Wet Weather Causes Headaches For Georgia Peanut Farmers

Rainy, cloudy conditions can affect plant growth and even keep some farmers from getting their peanuts in the ground.

Patrick Sison / Associated Press file

The last few weeks’ persistent rains are causing headaches for Georgia peanut farmers.

To be clear, farmers want rain. But too much rain can keep crops like peanuts from putting down the right kinds of root systems. That can mean problems down the road if soil moisture gets scarce.

Rainy, cloudy conditions can also stall plant growth and even keep some farmers from getting their peanuts in the ground.



“With the wet, saturated soils, we can’t get in and do any tillage work, can’t get in with any kind of tractor to plant, to do anything that we need to right now,” said Scott Monfort, a peanut agronomist with the University of Georgia.

Monfort says about 70 percent of Georgia’s peanut crop is already in the ground across the state.
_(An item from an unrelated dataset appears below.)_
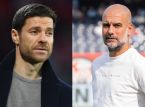 Vuoden unohduksen jälkeen Real Madrid ja Manchester City aloittavat tänään uudet aikakaudet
He says peanut farmers who haven’t planted face some tough choices.

They can wait for drier conditions to get crops in the ground, but that means risking a shorter growing season.

Monfort say farmers who plant peanuts now wouldn’t be able to harvest them until the start of November, and there’s no guarantee of good growing conditions that late into the year.

Another option is planting cotton in the land set aside for peanuts. Monfort says early June is late in the year for cotton, but higher prices could make that a better investment than peanuts.

But first, farmers need to wait for their fields to dry, and there’s no guarantee of that happening anytime soon.

Rainy conditions can bring more rainy conditions, says Pam Knox, with the Georgia Weather Network.

“Now that we have all this moisture available, it’s not going to take a lot of solar energy to really pop up more daily storms, and that’s going to bring in more rain,” she said.